- Clean standby-mode shutdown:
run_standby_mode() now registers its own abort handler that shuts down the standby HTTP server before calling Actor.exit(). This ensures the serve_forever() executor future exits cleanly instead of being cancelled during actor shutdown, avoiding a Python 3.13 recursion bug in Task.cancel() that could crash the actor when cancelling deeply nested task chains. A CancelledError fallback also shuts down the server if the task is cancelled externally. The shared abort handler was removed from main(); standby mode now manages HTTP server shutdown independently while regular mode keeps the simpler exit handler.
- OpenAPI schema for Standby HTTP API: Added
.actor/web_server_schema.json (OpenAPI 3.0.0) describing the actor's standby endpoints. Covers the POST / search request with all parameters, enums, defaults, and three request examples (by name, register number, keyword+location); the full 200 response schema including all output fields; and distinct error examples for each status code (400 validation errors, 402 quota limit, 404 no results, 500 scraping failures). Referenced via webServerSchema in .actor/actor.json so Apify Console surfaces it automatically.
- Proxy rotation on retries: Each retry attempt now requests a unique Apify proxy session (
session_id parameter) to guarantee a different exit IP instead of relying on pool default behaviour.
- Run timeout awareness: The retry loop reads the Apify run deadline (
Actor.configuration.timeout_at) once at startup and skips any retry whose wait + request budget would exceed the remaining time, failing early with a clear log message instead of being killed silently by the platform. If the configured timeout is under the recommended 300 s, a visible INFO warning is emitted at startup.
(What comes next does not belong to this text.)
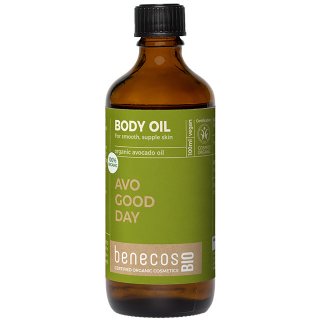 benecos bio body oil avocado organic avocado body oil vegan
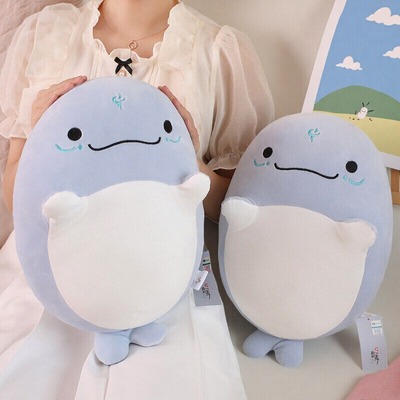 江豚公仔毛绒玩具儿童睡觉抱枕女礼物娃娃送闺蜜呆萌卡通玩偶可爱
- Retry count reduced from 5 to 4: Fits the retry budget more comfortably within typical timeout values.
- Incompatible proxy group warning: A
ProxyError caused by using the GOOGLE_SERP proxy group (which only routes to Google domains) now emits an explicit warning advising the user to switch to RESIDENTIAL or DATACENTER.
- Clean actor exit on scraping failure: Unhandled network errors and scraping failures in regular mode now call
Actor.fail() with a readable status message instead of crashing with a raw exception traceback and exit code 91.
- SI link detection after website change: The Handelsregister website changed the SI (Structured register content) download link from using
property:'Global.Dokumentart.SI' in the onclick attribute to a PrimeFaces.monitorDownload format (same as AD/CD/HD links). The parser now identifies the SI link by its visible span text "SI" instead of the onclick pattern, with the old pattern kept as a fallback.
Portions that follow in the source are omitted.